Our experience, though, is not always described in such glowing terms. It’s cited as a progressive, often difficult, joyous pilgrimage including, among other things, personal setbacks, failures, and struggles between our passions and our calling. (See, for example, Romans 6-7; Galatians 5:17; and I John 1:8) Those are but a few of the descriptive phrases we can also own. Saints also have that in common, and anyone who denies the reality of temptations and struggles, sexual or otherwise, is being something less
than honest.

Our labels say who we are; our descriptive phrases say what we experience. The two are linked, but not identical and certainly not contradictory. A Biblical approach to self-identification will recognize that, and I cannot see that approach including labels based on unwanted, ungodly sexual desires.

Lessons from La Mancha

In my favorite musical “The Man of La Mancha”, the eccentric Don Quixote encounters the prostitute Aldonza and insists she is a lady, a maiden, the feminine ideal. He refuses to call her by her given name, instead bestowing the more lady-like “Dulcinea” upon her,

She thinks he’s nuts, and spends most of the story ruminating over his vision of her versus her own highly-limited take on herself. In the end, her transcendence comes when she dares to believe that what Don Quixote saw in her was more real and accurate than what she saw in herself.

We could all do worse than to follow her lead. Certainly, no Christian should practice a magical-thinking Name It and Claim It approach, pretending to be more than we are, or to be absent whatever specific temptations we may experience. I celebrate the believer who says, “I’m first and foremost a child of God who happens to have same-sex temptations.” I’m in serious disagreement with the believer who says, “Because I experience same-sex temptations, I am therefore a Gay Christian.”
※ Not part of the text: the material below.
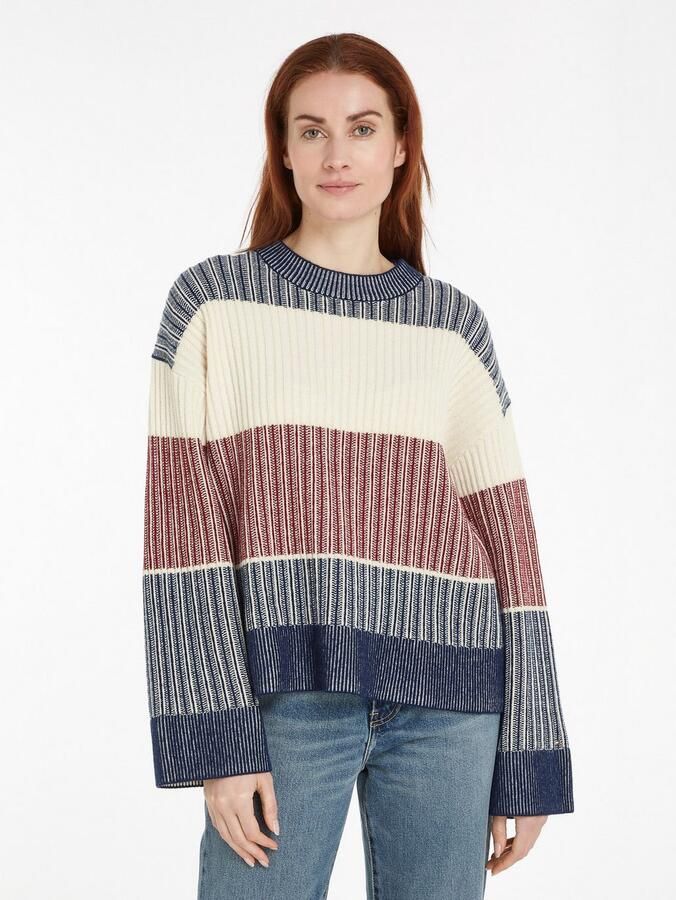 Tommy Hilfiger Gebreide trui GLOBAL STP ALL OVER SWEATER met global stripe (Global Serie TH VROUWEN) - Foto 5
My disagreement stems from a growing conviction that names matter, probably more than we appreciate. They influence not only how we view ourselves, but our options as well.  That, I’m convinced, is a primary reason so many of us have objected to the new vocabulary proposed by Revoice and others. It has, in the end, a tone of something less than what has been eternally declared about us in Christ.
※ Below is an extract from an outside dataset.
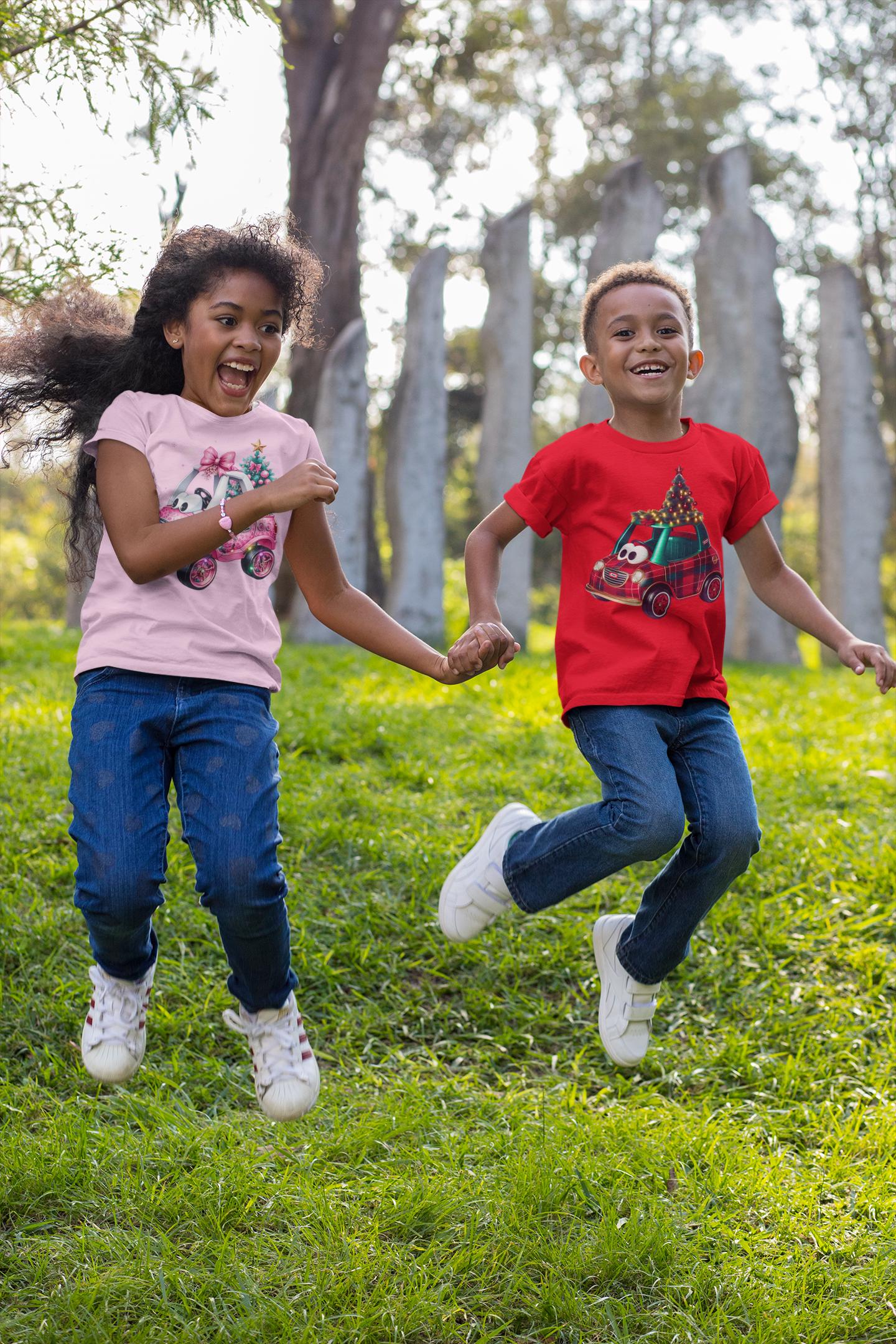 Kids Tee, Plaid Ride On Car Christmas Shirt, Holiday Kids Shirt, Children's Christmas Tee, Festive Plaid Tee, Kids Christmas Apparel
On that note, I concur with what Dr. Albert Mohler has said about all of this:

“We should take the organizers of Revoice at their word and hear what they are saying. We should lament the brokenness and understand the many failings of the Christian church toward those who identify with the LGBTQ+ community. But we dare not add yet another failure to those failures. We cannot see Revoice as anything other than a house built upon the sand. Revoice is not the voice of faithful Christianity.”